Not that I’m ever tempted to criticize Maureen, who’s been a brick all summer: allowing herself to be dragged—twice—to the bottom of Nine Mile Can-yon over in Utah, up the slopes of Sheep Mountain west of Laramie, and boosted onto the back of the green-broke stallion I was nervous about mounting myself. Even so, I was astonished, as well as pleased, when Maureen announced that she wished to go along to elk camp in October.
“You really want to go hunting with me? You’re sure?”
“I’m sure.”
“It’s going to be cold at night.”
“I know it. My nephew Danny offered to let me borrow his sleeping bag. He said the last time he went camping everyone was cold, except for him.”
“We can only use the one horse this year, so you’ll have to ride her. I’ll be on foot, carrying my big pack.”
“I don’t mind, so long as you’re also leading her.”
“It’s snowed hard in the mountains already. We’re likely to get stuck pulling the trailer back in there.”
“I can handle it. I’ve been four wheeling before.”
“You’ve been four wheeling?”
“With some of the guys from the office. We went up in the hills behind Ft. Collins. They call it ‘Four wheeling in high heels.’”
“All right,” I agreed, “you can come, if you really want to. I just have no idea why you want to.”
“Because,” Maureen said, “I want to learn why it is you enjoy it so much.”
I spent three evenings lining out gear and supplies in the reloading room down cellar before Maureen arrived on the last night with her own equipment.
“There, that’s all I’m taking,” she said proudly, dropping everything on the concrete floor. “I can bring my pillow with me, can’t I?”
“No. You can’t take your pillow.”
“But I can’t sleep without a pillow!” Maureen cried.
“The sleeping bag has its own pillow. That frilly thing of yours would take up half the horse pack. What’s in the glass jar? It must weigh two-and-a-half pounds if it weighs an ounce.”

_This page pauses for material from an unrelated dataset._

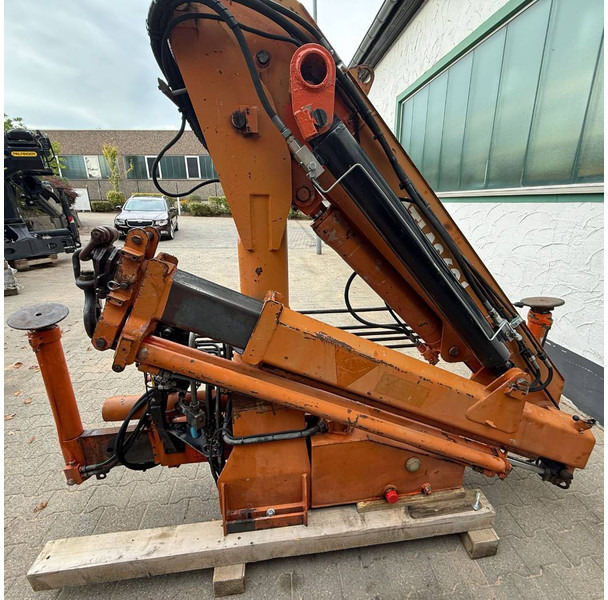 Atlas 60.1 - Grue auxiliaire: photos 1 Atlas 60.1 - Grue auxiliaire: photos 1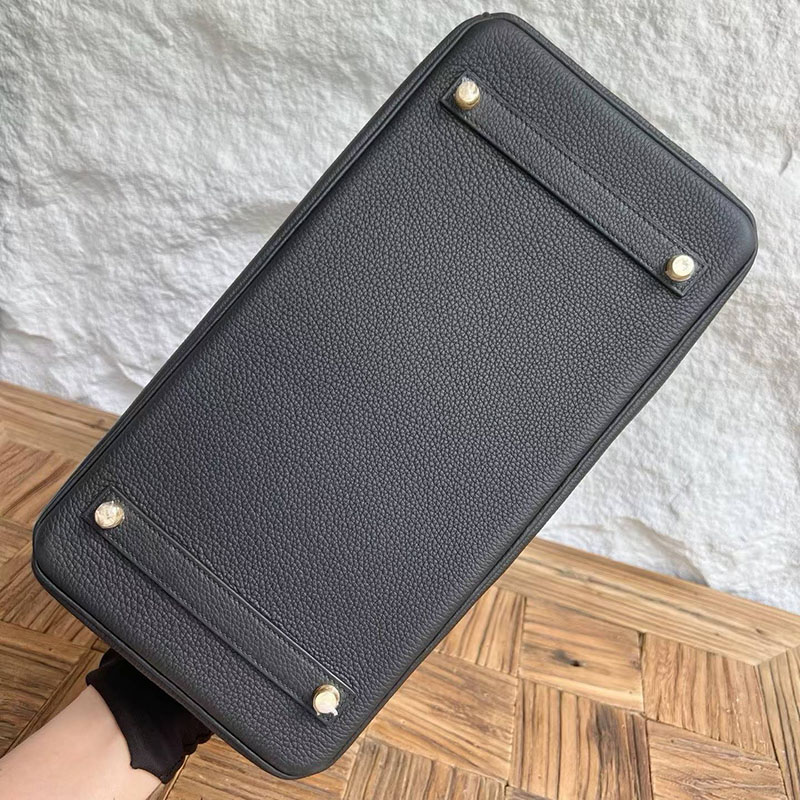 エルメスコピー通販 HERMES バーキン35 黒 ブラック トゴ ゴールド金具 H027634CC89 バーキン35 黒 定価 - 画像 (2)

“It’s strawberry jam, for our tea time,” she explained.
“Well, put a few spoonsful into a zip-lock bag. I’ll carry it in the top of my pack along with the crackers. And decant the wine from that magnum into those two Nalgene bottles, please.”
“At least I get to take my makeup kit,” Maureen sighed, tucking what looked like a small vanity case in among her clothes and the stowed tent.
The jeep trail wound through streaks and patches of windswept snow across Libby Flats, among stands of pine and rocky torrs breaking from the tawny mead-ow. Plunging and bucking in the ruts and flooded potholes, the horse trailer fishtailed behind the truck as it plowed forward slowly in four-wheel drive through mud and rotting ice. Maureen, bracing herself against the door, looked serene. Instead of high heels, she had on the hiking shoes we’d bought her at the REI store in Ft. Collins the previous spring. Beyond the mud lay exposed rock, dragon teeth of quartzite tearing at the rig’s eight tires. Beside an evaporated alpine pond, I turned the truck from the stony track and parked on an expanse of pale soft grass.
“Better safe than sorry, with just the two spares along,” I suggested. “It’s only a mile on to camp, anyhow.”
I pulled the mare from the trailer by her tail and snubbed her tight to saddle and load her. Maureen, looking less serene, helped.
“You can always walk, if you like,” I told her. “But we do need someone up there to keep the saddle and pack from slipping.”
“I’ll ride,” she said bravely, turning the stirrup as I’d showed her and taking hold of the horn and cantle to pull herself up. Astride the horse, looking out from under the brim of her leopard-skin cowboy hat, Maureen was unrecognizable by anyone from the National Review 40th Anniversary or New York Conservative Party dinners.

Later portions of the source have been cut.